What should be copied is the stretch of entries below from the line with "vidaXL Estructura de" up to and including the line with "POLYWOOD® 4-Piece Nautical", exactly and without images.

Short text fragments from websites:
<<<<

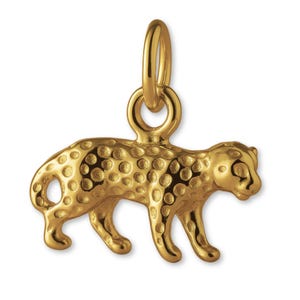 Solid 9ct Yellow Gold Asiatic Cheetah Charm - Animal Charms - 9k / 375 Gold Charms for Necklaces, Bracelets and Earrings
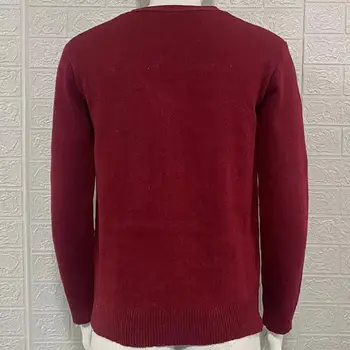  пуловер с дълъг ръкав стилен мъжки v-образно деколте жилетка пуловер тънък годни мека трикотажна материя случайни закопчана палто за топлина комфорт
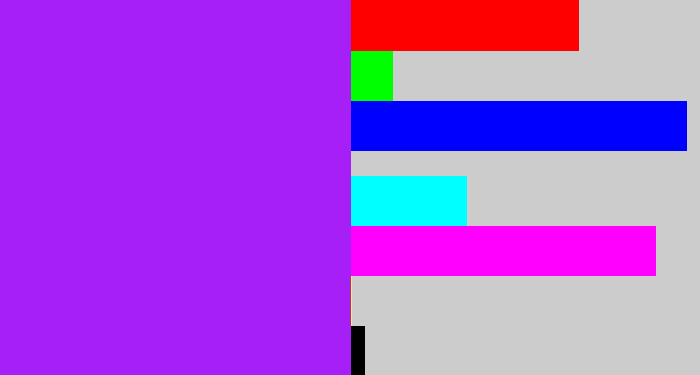 Hex color #a51ff6 - electric purple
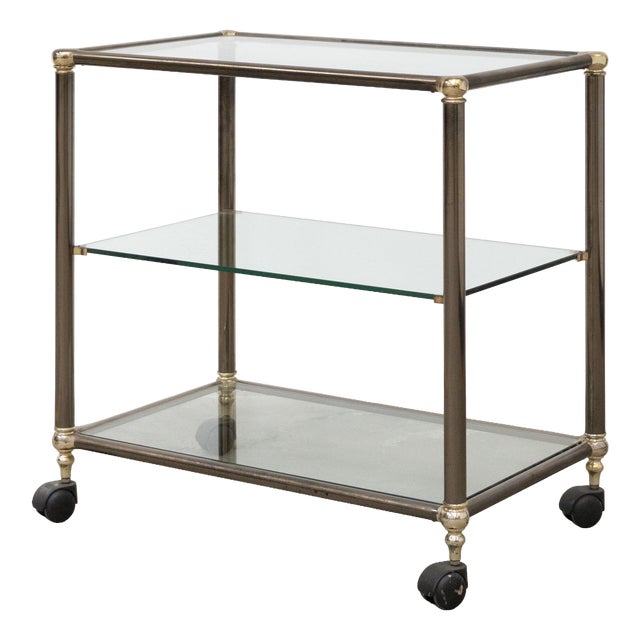 Service Trolley in Bronzed Metal and Glass, 1970s For Sale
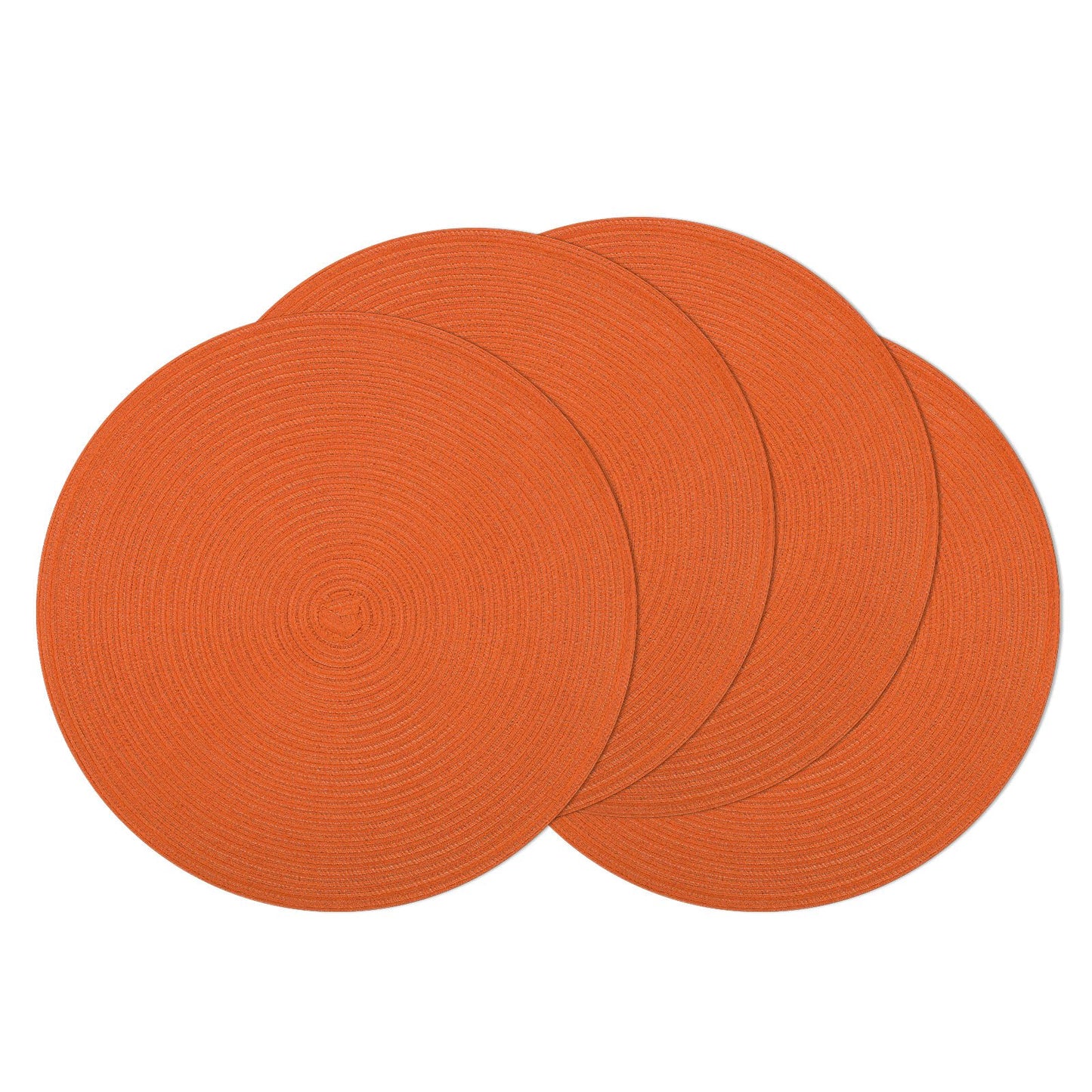 SHACOS Round Placemats Set of 4 for Dining Table Autumn Fall Round Braided Place Mats Washable Non Slip Kitchen Table Mats Decor, Bright Orange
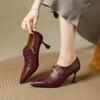 French Deep Mouth Single Shoes Women's 2025 Autumn and Winter New Fine Heel Soft Leather with Skirt Temperament Versatile Fashion High Heels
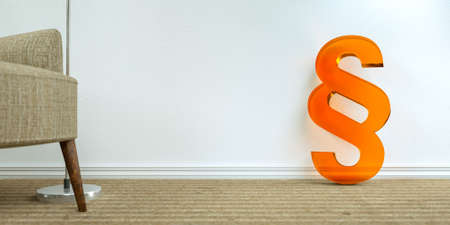 Symbol of Law and Justice - Paragraph / section sign on the floor in apartmentの写真素材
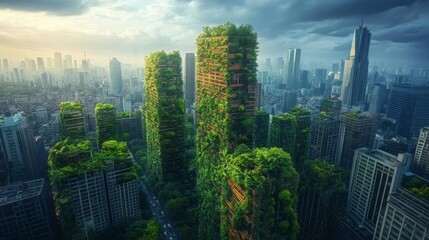 Obraz premium Eco-City Hub, a vibrant urban center featuring interconnected green buildings adorned with thriving vertical gardens and sustainable design.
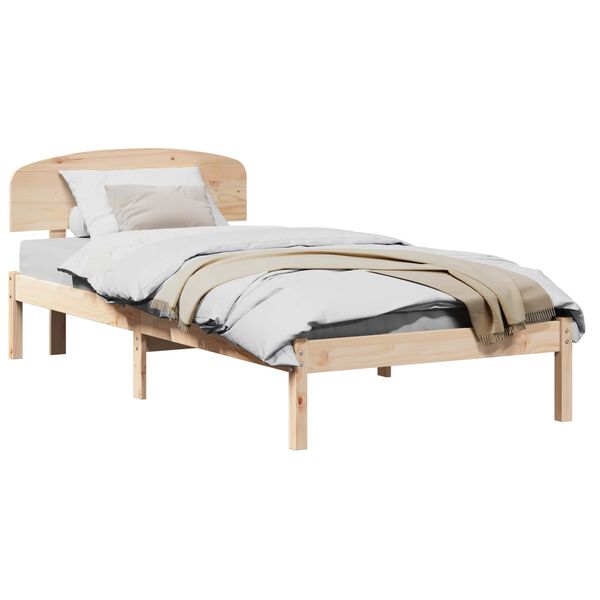 vidaXL Estructura de cama Natural 90 x 190 cm Madera de pino macizo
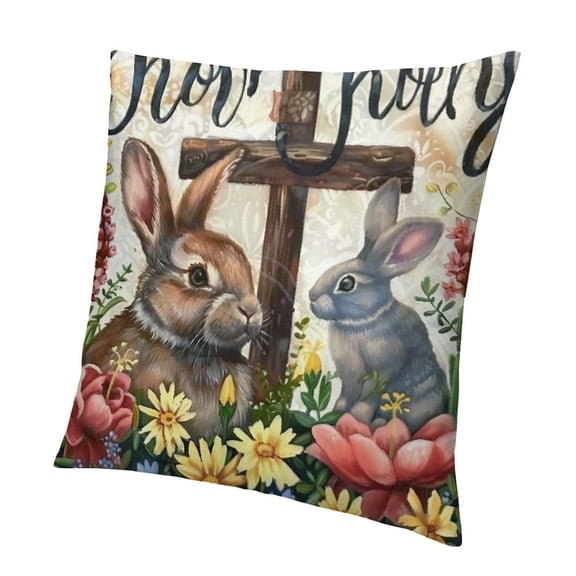 SHERONV Easter He is Risen Pillow Covers  Spring Bunny with Cross Throw Pillow Covers Rabbit Colorful Eggs Floral Pillowcase Cushion Case for Sofa Outdoor Patio Garden 12x12in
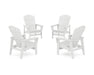 POLYWOOD® 4-Piece Nautical Grand Upright Adirondack Chair Conversation Set in White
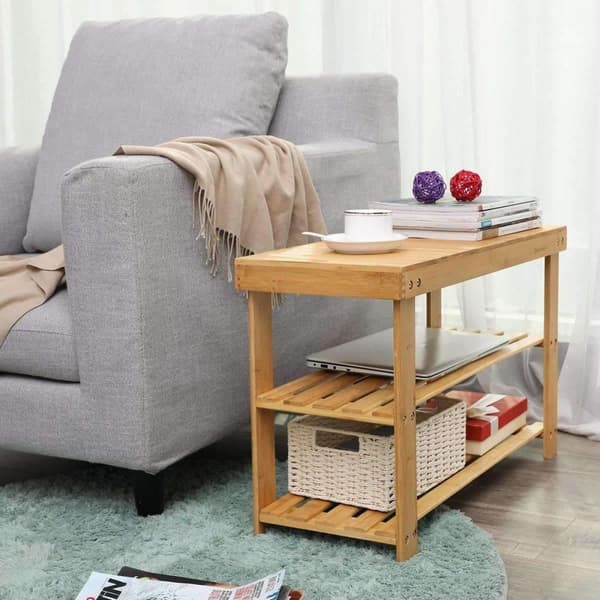 Rootz Skostativ, skoskab med bænk, bambus skobænk med 3 hylder - Badestativ - 70 x 28 x 45 cm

>>>>

EXERCISE ANSWER:
 vidaXL Estructura de cama Natural 90 x 190 cm Madera de pino macizo
 SHERONV Easter He is Risen Pillow Covers  Spring Bunny with Cross Throw Pillow Covers Rabbit Colorful Eggs Floral Pillowcase Cushion Case for Sofa Outdoor Patio Garden 12x12in
 POLYWOOD® 4-Piece Nautical Grand Upright Adirondack Chair Conversation Set in White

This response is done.